Everybody's Thumbs Visible/alx
|Everybody's Thumbs Visible|
|Contributors||Christian Köppe, Michel Portier, René Bakker, Stijn Hoppenbrouwers|
|Last modification||June 6, 2017|
|Source||Köppe, Portier, Bakker, & Hoppenbrouwers (in press 2015)|
|Pattern formats||OPR Alexandrian|
Also Known As:
You’re asking a question during a lecture which allows two answers and want all students to choose one of them.
Asking for who chooses the first answer by raising their hands and who chooses the second answer by raising their hands nearly always has the effect that a third big group is left: the ones who didn’t raise their hands at all.
It is easy to hide in a group if no one really knows what and if you have voted at all for one of the answers. So students can be passive during such activity.
On the other hand, students sometimes are not sure about the answer and therefore do not vote, even though the main goal of the question is often not to count the correct answers but to make the students think about it.
Therefore: Make the group of the first answer keep their thumbs up and the group of the second answer thumbs down. This way you see who has not decided on an answer and you can encourage them to do so or ask why they didn’t choose.
It should be clear which answer belongs to thumbs up and which to thumbs down. Drawing up and down arrows with a short hint on the answer on a visible board will help to remember this and also show the students what to do when they decided on their answer. Forcing the students to decide on one answer requires them to think about it more thoroughly.
One positive consequence is that in case you want to count the answers, you only have to count once and it is (often) easy to determine visually which choice was taken less often, so counting goes faster. If it’s not easy to determine the bigger group, then the likely result is that both groups are more or less equal.

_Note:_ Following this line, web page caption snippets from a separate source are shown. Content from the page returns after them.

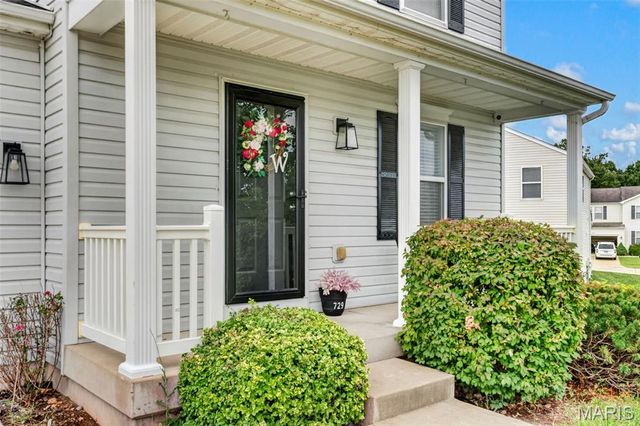 729 Rabbit Run Drive, Wentzville, MO 63385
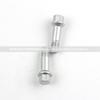 Adequado para Mercedes-Benz Classe M Classe R Classe Glk Ml350R500Glk350 Parafuso de Roda Bolt Oe 0009905307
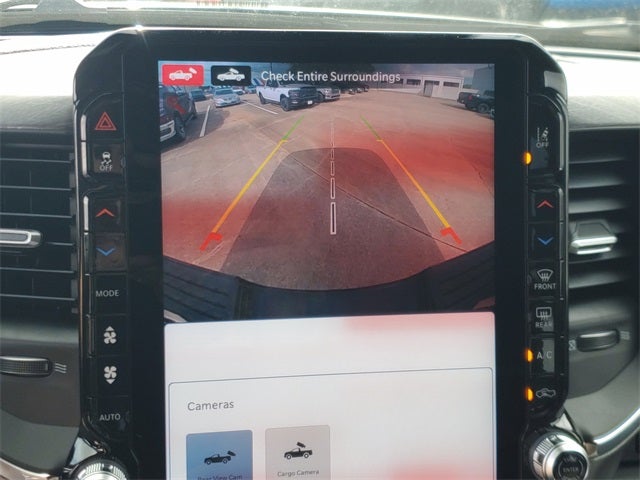 2026 RAM Ram 2500 RAM 2500 LARAMIE CREW CAB 4X4 6'4' BOX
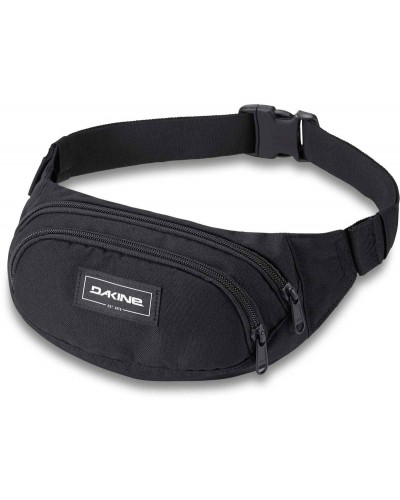 Сумка на пояс Dakine 8130-200 Hip Pack black ii (610934309416)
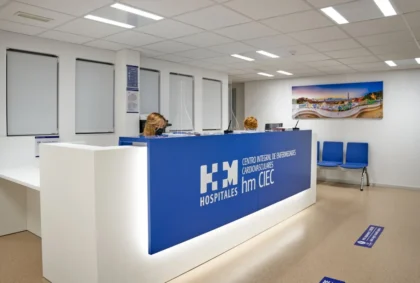 Hospital HM Nou Delfos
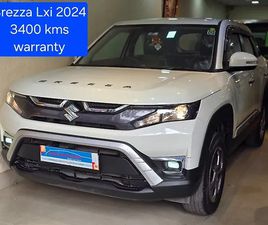 MARUTI VITARA BREZZA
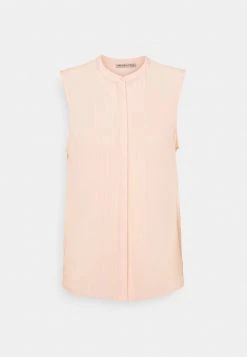 Lo mas barato ✨ Anna Field Sleeveless Blouse With Gathers - Blusa - Pink, Mujer ⭐ -Elegancia Femenina Tienda 79ced945c633436a9d2a521f067af29b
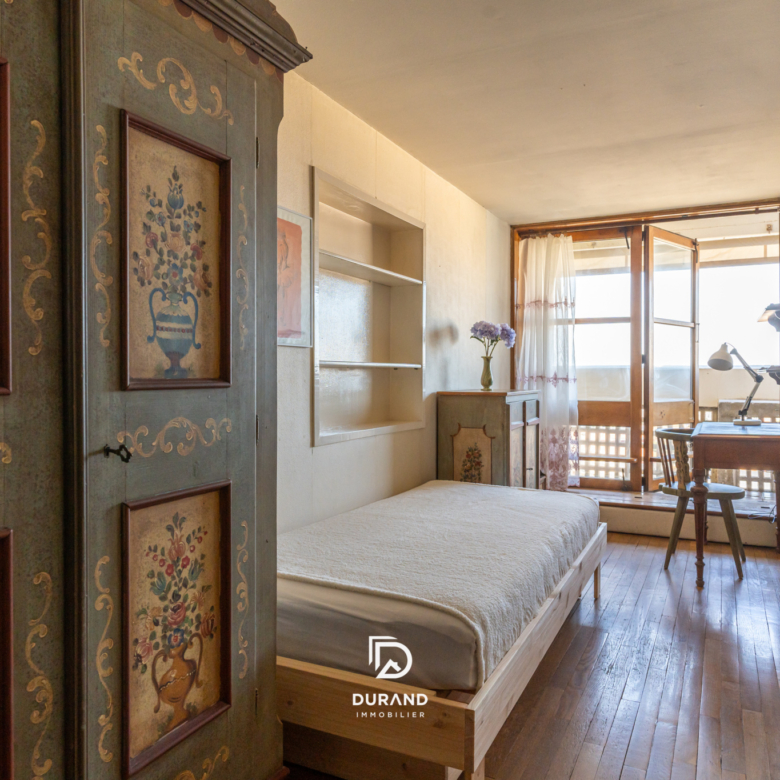 APPARTEMENT - DUPLEX - TYPE G - LE CORBUSIER - 13008 MARSEILLE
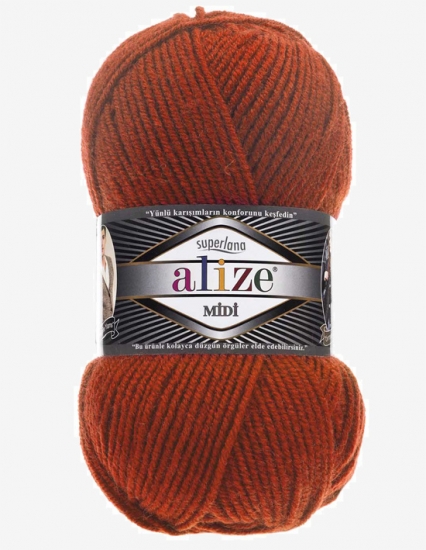 ALİZE SUPERLANA MİDİ 36
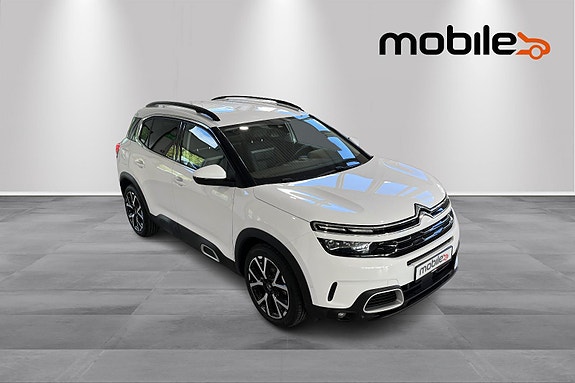 Citroen C5 Aircross 26 of 28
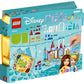 LEGO® Disney 43219 Kreative Schlösserbox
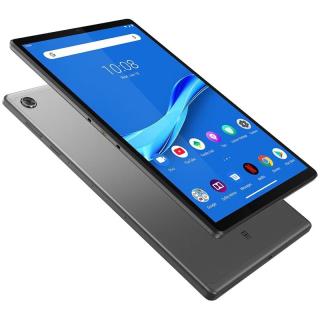 Lenovo 联想 M10 PLUS 10.3英寸 Android 平板电脑 (1920*1200dpi、MediaTek P22T、4GB、64GB、WiFi版、灰色、TB-X606F)
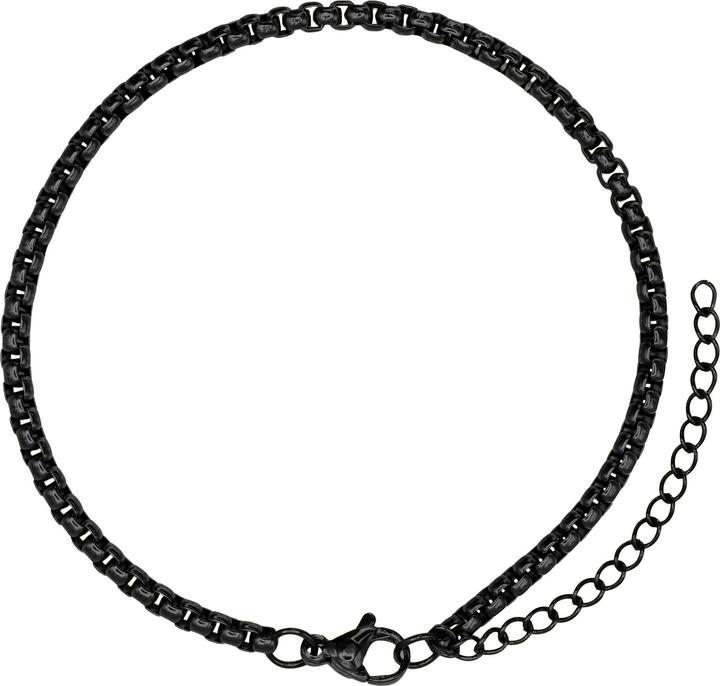 Produktbild Heideman Miles schwarz farben (100% Edelstahl)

Applying this pattern does not solve the problem issue that students who are not sure about the correct answer often follow the majority of the group. Address this by having students discussing their choice with their neighbor/s. This increases the chance that students who did vote without really knowing get an explanation for the vote of a peer student, which might help them to get a better understanding themselves.
It might be a bit turbulent when applying this pattern, as often the effect is that students start to discuss their choice with peers without being asked to do so. So one should try to applyin a quick manner and make clear upfront that the result of the vote will be discussed immediately after. Also one should not over-apply this pattern but only use it occasionally.
In a course on software design, I asked the students the question: does the application of software design patterns automatically lead to better designs? The goal of this question was to trigger a discussion about the advantages of patterns and they way they are applied best. When I asked for the yes-vote, a few students raised their hands. When asked for the no-vote, again a few students raised their hands. However, most of the students haven’t voted neither yes or no. So asked the question again, but this time required that the yes-voters use their thumbs upwards and leave them that way. The same went for the no-voters and it became obvious who hasn’t voted at all. I asked these students to think about a possible answer, based on their prior knowledge and reasons they could think of which support their decision. Afterwards, I asked randomly selected students why they had chosen for yes and no, and the given reasons formed the basis for a lively groups discussion.
- Köppe, C., Portier, M., Bakker, R., & Hoppenbrouwers, S. (in press 2015). Lecture Design Patterns: More Interactivity Improvement Patterns. In Proceedings of the 22nd Conference on Pattern Languages of Programs (PLoP 2015). New York:ACM.